Open design comes of age (2), second of a series by Massimo Menichinelli

Massimo Menichinelli (original source here):

In a previous post, I started explaining that Open Design is now getting out of the underground, since many important design companies, institutions and sci-fi writers are now actively working on it. This does not mean that all the problems that we must solve in order to have a real collaborative Open Design are gone; it’s just easier now to talk about Open Design, since we have famous examples to show.
With this post I will show other important examples coming from the Netherlands (other examples will be shown in a third and last post).

03. A competition, Droog Design and a book, from the Netherlands

03. 01 (Un)limited Design contest

The first Open Design competition, (Un)limited Design Contest, was held in 2009 and 2010, in first instance in The Netherlands, in the second year also in Germany and Belgium. During the first year about 80 designs/products were submitted to form the first (Un)limited Design collection.
The competition has been organized by Premsela (who runs an interesting program about Open Design called People’s Republic of Design), Waag Society, Etsy, FabLab Netherlands and Creative Commons Netherlands.

To enter the competition, anyone could either submit a new design or make a derivative of an existing design submitted by others by using the machines in a Fab Lab or any other prototyping facility.
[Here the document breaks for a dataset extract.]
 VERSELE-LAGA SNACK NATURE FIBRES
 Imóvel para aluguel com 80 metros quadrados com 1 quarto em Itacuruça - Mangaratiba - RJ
For this reason, apart from the designs themselves, the blueprints and instructions relating to the submissions are also published on the competition website under a Creative Commons license.

As part of the festival Future en Seine 2011, Fablab Squared and Mag/Lab will host a French edition of the (Un)limited Design Contest (from 25th March until 29th May).
The contest received a lot of international attention currently, with requests for an edition in Austria and Brazil.
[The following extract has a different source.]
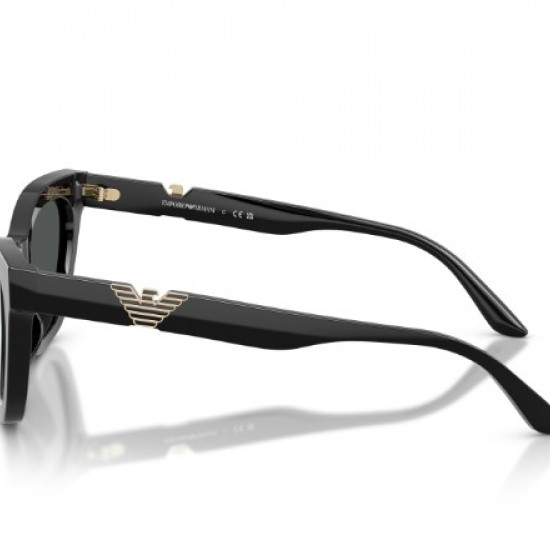 EMPORIO ARMANI 4259U 501787 55-20-140
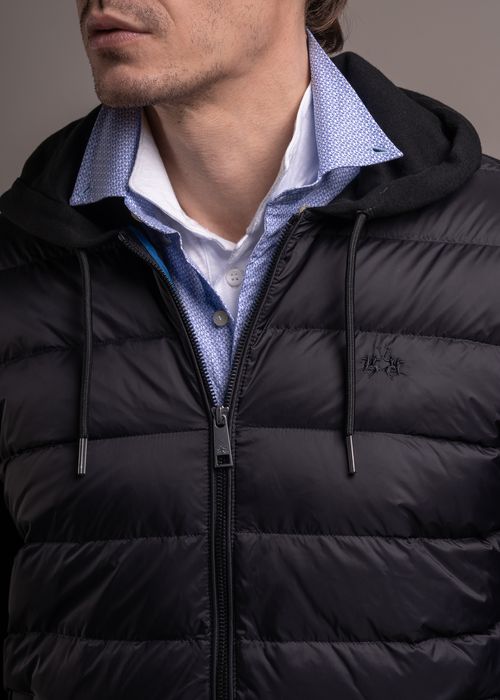 CAMPERA HYBRID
03. 02 Droog Design: Design for download

We can certainly say that Open Design is now mainstream if the most famous conceptual design company starts a business around it. This is the case of Droog Design, that with Mediagilde started the Design for Download initiative (previously called downloadable-design).

This initiative will be presented during the Salone del Mobile in Milan in 2011, but the launch of the platform, featuring various brands and institutions alongside Droog, will occur later this year. The platform will not only include products, but also architecture, home accessories, fashion, food, wearables, and more.
For the moment Droog will present furniture and accessories designed for download by EventArchitectuur and Minale-Maeda, including CNC cut tables, cupboards, desks, side tables, shelves, couches and 3D printed electrical outlets, flowers and charms. Furthermore:

Droog will also present digital design tools that allow ordinary computer users to easily make functional design decisions, automatically generating blueprints for local execution in various materials. The tools also enable communication between designer and customer, streamlining and lowering the cost of a custom design process. The presented products have been customized by Droog for its collection.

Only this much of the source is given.